Ed turned to Lorraine and asked, "Did you pick up anything?"
She placed a hand on her chest and sighed heavily. "This is definitely an evil spirit, Ed. It's not a poltergeist, like we first thought when we heard their story. It's an evil spirit and its intentions are malignant and strong."
He nodded toward the recorder. "You getting this?"
She nodded. "It's still on."
Ed moved toward the Macks, smiling at their daughter, who was so horrified by what she'd seen that she still stood—beside her parents now and away from the area of activity—with her back stiff and both hands pressed over her mouth, eyes wide.
"I'd like to ask you a few questions," he said quietly. "Why don't we go into the living room, sit down and try to relax?" Lorraine followed them as they went into the next room and everyone took a seat.

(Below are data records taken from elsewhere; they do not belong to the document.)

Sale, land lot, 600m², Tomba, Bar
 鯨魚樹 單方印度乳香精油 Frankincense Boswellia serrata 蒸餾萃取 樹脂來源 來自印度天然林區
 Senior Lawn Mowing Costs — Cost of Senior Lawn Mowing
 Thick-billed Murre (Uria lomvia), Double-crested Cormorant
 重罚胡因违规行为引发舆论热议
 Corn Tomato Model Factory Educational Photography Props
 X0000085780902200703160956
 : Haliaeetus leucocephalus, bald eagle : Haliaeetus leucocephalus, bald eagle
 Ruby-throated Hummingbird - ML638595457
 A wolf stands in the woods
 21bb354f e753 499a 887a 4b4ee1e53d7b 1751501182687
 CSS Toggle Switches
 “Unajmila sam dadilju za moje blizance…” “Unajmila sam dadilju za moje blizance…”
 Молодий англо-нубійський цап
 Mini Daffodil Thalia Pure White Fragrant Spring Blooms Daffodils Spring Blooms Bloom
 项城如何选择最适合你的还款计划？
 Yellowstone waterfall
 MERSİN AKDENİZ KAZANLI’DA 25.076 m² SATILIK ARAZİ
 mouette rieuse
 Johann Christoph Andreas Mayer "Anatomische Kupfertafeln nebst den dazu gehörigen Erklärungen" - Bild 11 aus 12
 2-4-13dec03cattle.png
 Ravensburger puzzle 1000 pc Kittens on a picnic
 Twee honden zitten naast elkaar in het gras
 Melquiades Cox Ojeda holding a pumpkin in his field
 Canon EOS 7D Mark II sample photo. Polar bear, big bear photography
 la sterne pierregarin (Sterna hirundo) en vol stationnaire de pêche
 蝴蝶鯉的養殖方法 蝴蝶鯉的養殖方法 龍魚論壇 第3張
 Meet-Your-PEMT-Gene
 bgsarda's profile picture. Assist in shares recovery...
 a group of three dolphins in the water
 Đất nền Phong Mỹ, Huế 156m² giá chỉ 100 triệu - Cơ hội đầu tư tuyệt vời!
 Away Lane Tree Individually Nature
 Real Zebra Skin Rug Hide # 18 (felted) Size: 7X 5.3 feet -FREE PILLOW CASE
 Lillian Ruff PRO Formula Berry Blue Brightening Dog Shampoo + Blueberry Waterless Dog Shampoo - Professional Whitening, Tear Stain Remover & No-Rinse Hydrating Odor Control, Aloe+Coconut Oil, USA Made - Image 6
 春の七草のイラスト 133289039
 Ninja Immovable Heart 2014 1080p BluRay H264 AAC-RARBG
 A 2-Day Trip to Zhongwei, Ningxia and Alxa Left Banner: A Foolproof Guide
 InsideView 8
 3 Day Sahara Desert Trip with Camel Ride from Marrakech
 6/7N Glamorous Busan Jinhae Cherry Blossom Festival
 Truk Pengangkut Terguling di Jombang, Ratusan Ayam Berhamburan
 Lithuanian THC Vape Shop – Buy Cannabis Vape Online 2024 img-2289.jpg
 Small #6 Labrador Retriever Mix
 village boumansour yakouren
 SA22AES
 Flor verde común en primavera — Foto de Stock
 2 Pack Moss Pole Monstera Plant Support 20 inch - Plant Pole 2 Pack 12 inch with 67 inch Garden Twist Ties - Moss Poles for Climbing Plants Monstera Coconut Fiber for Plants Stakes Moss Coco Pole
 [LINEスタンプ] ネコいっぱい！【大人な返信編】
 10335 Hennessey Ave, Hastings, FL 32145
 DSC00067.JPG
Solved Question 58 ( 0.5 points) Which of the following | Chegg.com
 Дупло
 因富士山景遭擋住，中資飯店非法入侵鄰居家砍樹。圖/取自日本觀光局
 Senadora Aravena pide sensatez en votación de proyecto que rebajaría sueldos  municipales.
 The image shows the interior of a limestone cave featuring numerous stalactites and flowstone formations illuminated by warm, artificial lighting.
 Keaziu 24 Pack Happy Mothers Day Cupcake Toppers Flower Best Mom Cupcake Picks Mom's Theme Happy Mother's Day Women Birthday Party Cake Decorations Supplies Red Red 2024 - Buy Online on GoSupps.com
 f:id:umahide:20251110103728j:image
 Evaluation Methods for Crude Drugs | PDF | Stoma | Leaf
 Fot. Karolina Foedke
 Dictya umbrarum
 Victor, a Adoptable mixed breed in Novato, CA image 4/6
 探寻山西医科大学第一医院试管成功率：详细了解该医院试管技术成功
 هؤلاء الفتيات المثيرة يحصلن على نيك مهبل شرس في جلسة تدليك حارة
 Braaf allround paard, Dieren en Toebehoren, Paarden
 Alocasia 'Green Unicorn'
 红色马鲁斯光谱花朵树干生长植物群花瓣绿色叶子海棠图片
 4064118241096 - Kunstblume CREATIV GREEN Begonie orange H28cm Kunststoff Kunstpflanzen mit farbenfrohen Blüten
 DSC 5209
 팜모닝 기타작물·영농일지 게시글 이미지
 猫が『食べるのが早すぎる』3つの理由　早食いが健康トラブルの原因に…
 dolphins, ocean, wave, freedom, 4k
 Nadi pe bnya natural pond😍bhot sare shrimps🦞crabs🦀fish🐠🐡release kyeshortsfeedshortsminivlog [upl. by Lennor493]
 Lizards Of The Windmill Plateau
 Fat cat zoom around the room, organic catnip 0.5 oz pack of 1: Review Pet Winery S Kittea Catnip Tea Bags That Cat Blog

She sat beside Ed on the sofa and placed the recorder on the coffee table.
"I think the first thing we need to know is this," Ed said, clasping his big hands together. "Does most of the activity surround you, Mrs. Mack?"
She opened her mouth, but couldn't speak. She simply nodded her head.
Her husband said, "Yes, definitely. Always, in fact. It always involves her, somehow. She's never been hurt." They were sitting together in a loveseat and he placed a hand on her knee gently, looked at her, and asked, "Have you? I mean, not that I've ever known."
She shook her head and finally spoke in a hoarse voice. "No. Never. Just...terrified. It terrifies me."
"Of course it does," Ed said. "It should. But if it hasn't hurt you, we're ahead of the game. I just wanted to know if it pays more attention to you than anyone else. Um...tell me, does anyone in your family dabble in the occult? Any Ouija boards, tarot cards, demonology, that sort of thing?"
Mrs. Mack shook her head firmly. "Never. Not in all our years."
Sophie was shaking her head too and Ed turned to her questioningly. "No. I don't live here anymore but, I mean, I'm an only child, so I should know. I've never played with any of that stuff and, as far as I know, neither have my parents. I mean, why would they? We've always been a Christian family and we just don't believe in getting involved in that sort of thing."